Geneva: The US wants to capture the Indian market for dairy products and medical instruments, while preparing the ground to discontinue benefits of around $6 billion for Indian textiles and leather products under the generalized system of preferences (GSP) scheme, according to people aware of the development.

India, which is largely self-sufficient in the production of dairy products following the “Operation Flood" and “White Revolution" launched by Verghese Kurien in 1970, is now the prized target for American dairy products for the Trump administration, said a trade analyst, who asked not to be identified.

The US also remains determined to increase its exports of high-end medical equipment to India, the analyst said. “Both dairy and medical equipment are top priorities for the US in the Indian market," the analyst said last week.

Given the large size of the India dairy market due to growing demand from the middle classes, the US reckons that India can be a lucrative destination for its dairy sector.

Also, India’s increasing disease burden as well as the rapid privatization of the health sector offers a huge market for American medical equipment makers, the same analyst said.

Despite its ambitious drive to turn India into a win-win destination for American dairy products and medical equipment, the US is in no mood to relent on its current hard line positions to terminate benefits offered to the Indian textile and leather exports under the GSP scheme.

The developing and the least-developed countries are allowed to export textiles, leather and other products on a preferential tariff framework by industrialized countries on an MFN (most-favoured-nation) basis that requires all partners be treated on an equal footing.
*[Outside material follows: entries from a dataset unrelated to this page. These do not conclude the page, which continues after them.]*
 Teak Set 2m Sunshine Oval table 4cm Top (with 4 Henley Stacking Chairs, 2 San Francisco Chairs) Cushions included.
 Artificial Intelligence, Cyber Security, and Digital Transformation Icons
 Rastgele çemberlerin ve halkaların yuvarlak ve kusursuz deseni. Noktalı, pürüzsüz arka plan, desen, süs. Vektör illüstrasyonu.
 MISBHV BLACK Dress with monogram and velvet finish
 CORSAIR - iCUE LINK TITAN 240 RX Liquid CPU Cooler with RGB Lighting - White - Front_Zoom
The donor countries—the US, the European Union (EU), and Japan, among others—want to discontinue the MFN framework that would allow equal treatment for all countries for GSP benefits and introduce “differentiation" wherein they will decide which countries can avail of GSP benefits on their conditions.
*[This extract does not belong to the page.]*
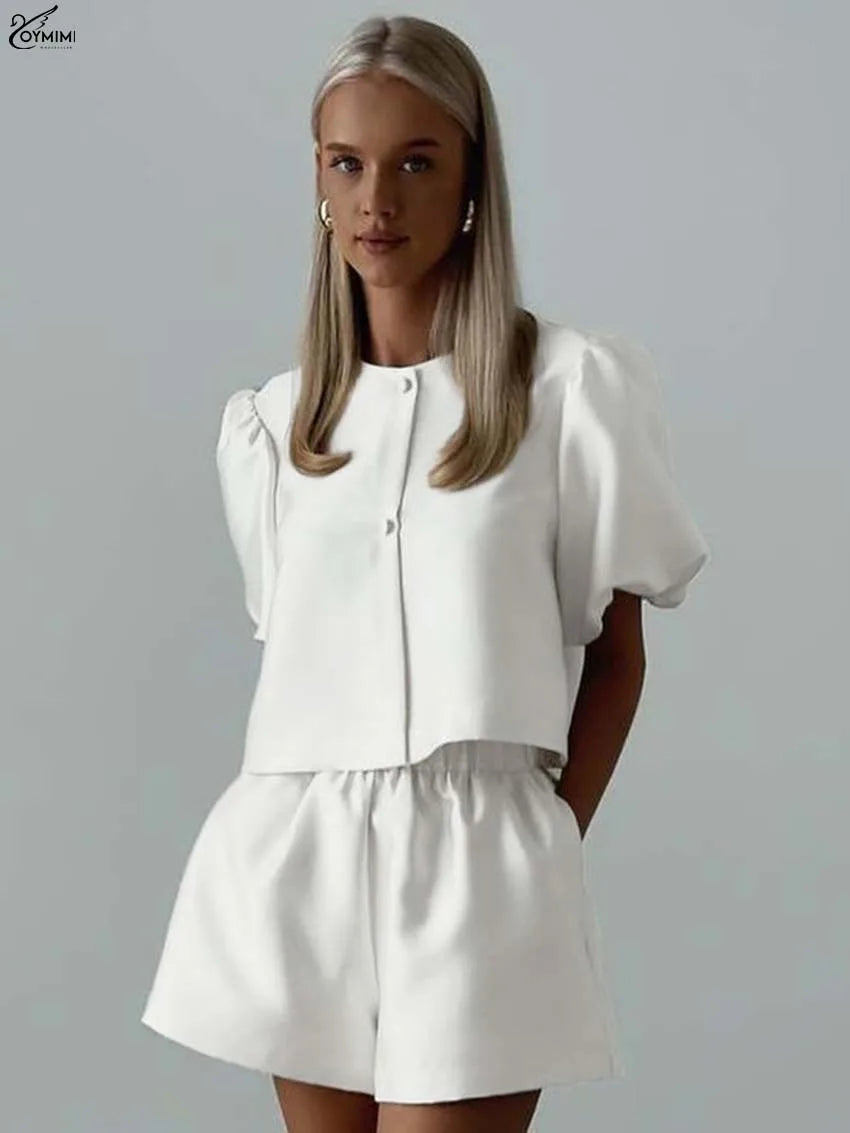 White Satin 2 Piece Sets Puff Sleeve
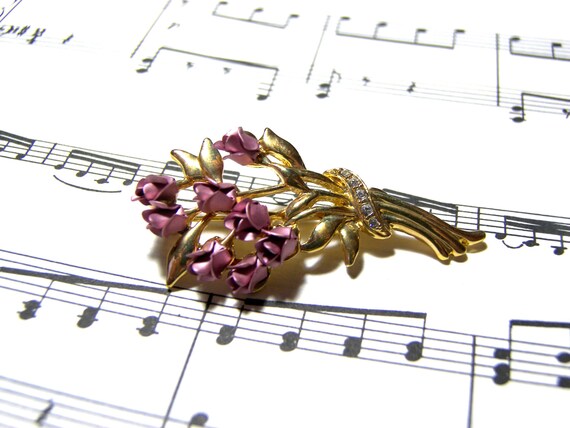 Rose Bouquet Brooch Pin Rose Recycled Jewelry Vintage Jewelry Gold Pin Pink Brooch Gift Ideas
In a separate development, India signalled to the US at the World Trade Organization (WTO) on Friday that New Delhi may impose trade retaliatory measures to the tune of $165.56 million on a range of sensitive American farm products from 21 June if the Trump administration makes its controversial duties on steel and aluminium products from India permanent.

The US enacted tariffs of 25% on steel and 10% on aluminium against all countries, invoking national security considerations.

Several countries—China, the EU, India, Russia, and Thailand, among others- called upon the US to enter into safeguard consultations. The US, however, rejected the calls from China, the EU, India, and other countries.

In a four-paged notification filed with the WTO’s Council for Trade in Goods, India notified the US that it “proposes to suspend concessions and other obligations" to the US on a range of American agricultural products due to the steel and aluminium safeguard duties. India said the US’s duties amount to definitive safeguard steps despite the US’s rejection that measures imposed under security considerations are not safeguard duties.

“India believes the measures taken by the US are not consistent with its obligations under the relevant provisions of the GATT 1994 and Safeguards Agreement."

India said its proposed additional duties on American products will come into effect on 21 June “in case the US decides to continue the period of application of the measures in accordance with Article 7 of the Agreement on Safeguards."

The US said it will decide whether to make the steel and aluminium duties permanent by 31 May.

Significantly, India has targeted American walnuts (100% additional duty), cashew nuts and almonds (10%), apples fresh (30%) and several other products between 10% and 20%.

The European Union also signalled its intention to impose trade retaliatory measures in case Washington makes the steel and aluminium duties permanent.